=== Your task ===
Your task is to write out every line of the data exactly. Drop the pictures.

=== Available data ===
────
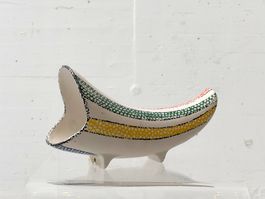 West German Keramikvase Delhi von Bodo Mans für Bay, 1960er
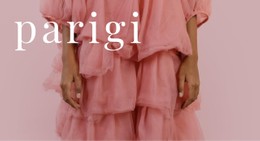 Settimana Della Moda Di Parigi Modello Gratuito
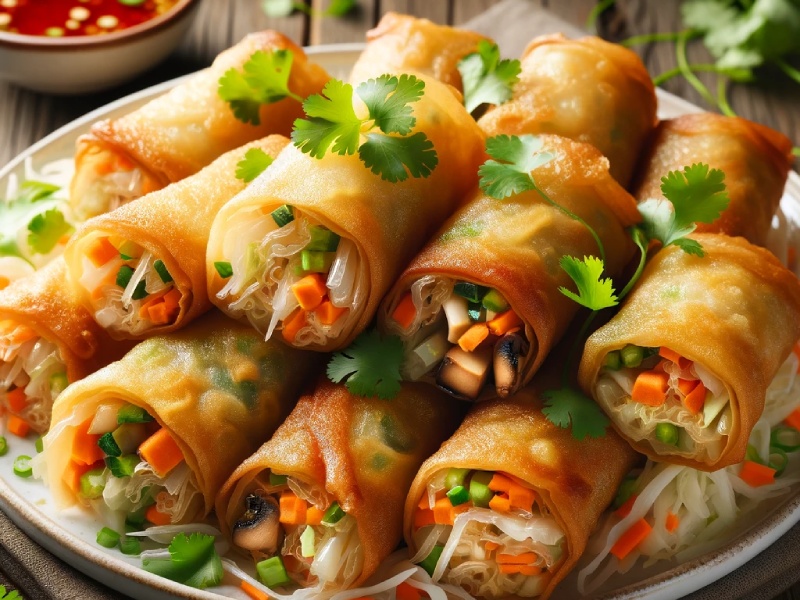 Vegetarian Egg Rolls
────
=== Exercise answer ===
 West German Keramikvase Delhi von Bodo Mans für Bay, 1960er
 Settimana Della Moda Di Parigi Modello Gratuito
 Vegetarian Egg Rolls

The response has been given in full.